Yep, I'm just as serious as the proverbial heart attack. I'll stand by my original statement, and add the fact that all y'all certainly DO talk all the time, which might be part of the problem... i.e., separating the wheat from the chaff. Another aspect is that "internal dialog" all women seem to have with themselves. By that I mean you (women) assume that since you thought something/anything, we (men) actually heard your thoughts. Not true... which is where that mind-reading thing comes in...
I'll give you points for your "loading the couch" analogy, to a point. Us guys assume relatively simple tasks are understood through repetition (i.e., "we've all done this before, many times"), and only take time to explain or clarify exceptions to "standard procedure." More complex tasks require planning, and both women and men vary in their abilities to plan effectively. No gender differences there...some are good at it, some ain't!
Ooops! Forgot JD's cherry tomato thing! I've only planted them in tubs, never in the garden...
Well, Buck, kind of like "moving the couch" there are some things a man should just know about his woman, and if she has to tell you, well, you must not be paying attention. Of course, I'm grinning here and hoping that set you off:)
Toby's reaction to my "not reading his mind" would be "well, I always do it that way." That is why after 30 years I almost have it down. It is that occasional switcheroo that throws me. You have to admit that men do not share their feelings and thoughts as well as women. But then they only think about one thing, okay two things.

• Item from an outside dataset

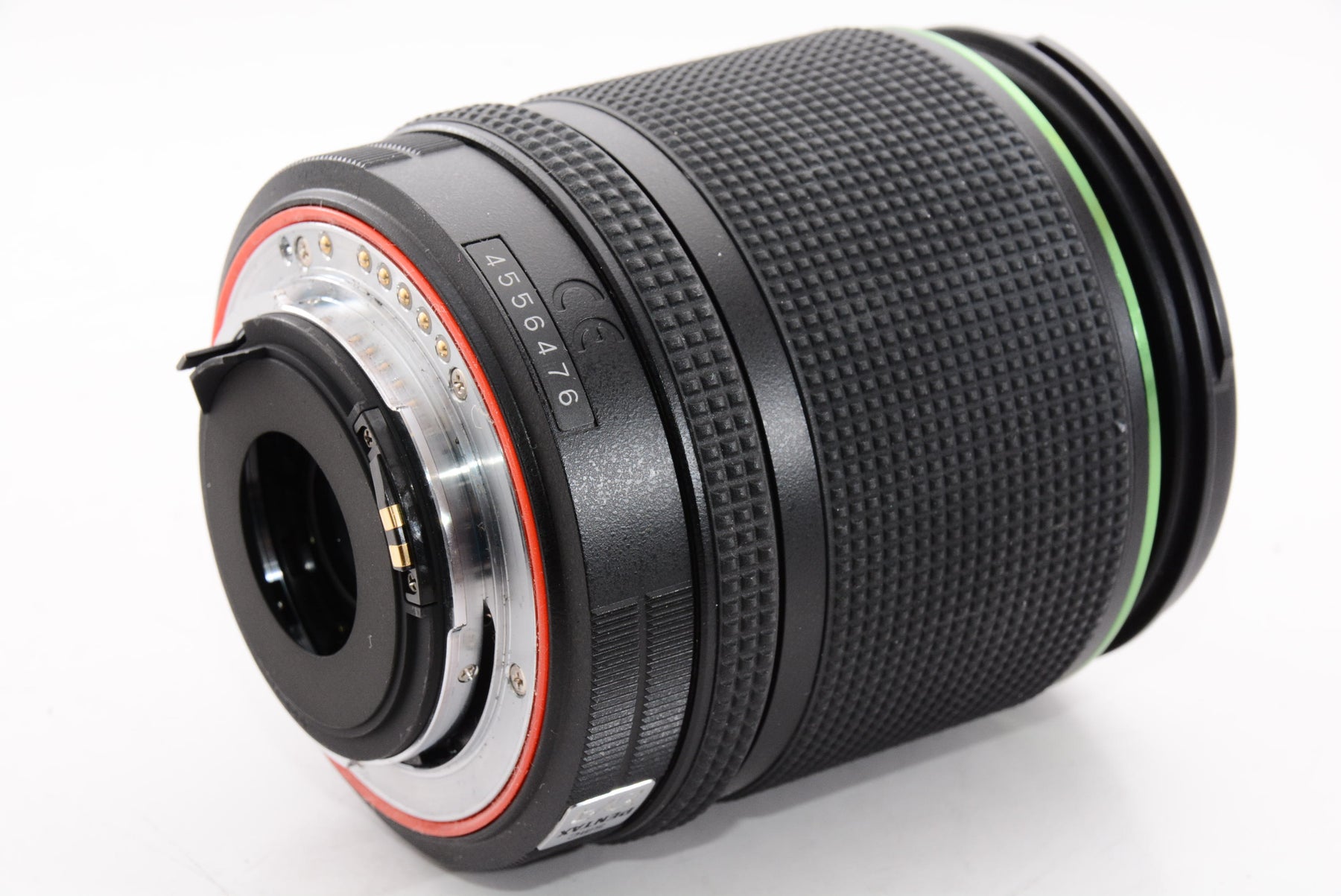 【外観特上級】PENTAX K-70 18-135mmWRレンズキット ブラック デジタル一眼レフカメラ 超高感度・高画質 2424万画素APS-C センサー アウトドアに最適 全天候型 一眼レフ 4.5段ボディ内手振れ補正搭載 明るく見やすいガラスペンタプリズム採用の視野率100%光学ファインダー 16258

You have to admit that men do not share their feelings and thoughts as well as women. But then they only think about one thing, okay two things.
I'll give you that (the feelings thing) and submit that all y'all are generally GLAD we don't, given the backlash I've seen and heard from women on the subject of "sensitive" men.
As for the "two things," I'm semi-stumped. There's mo'sickles and hockey, to be sure, but not all men ride or are hockey fans... ;-)
Buck, you make me lol.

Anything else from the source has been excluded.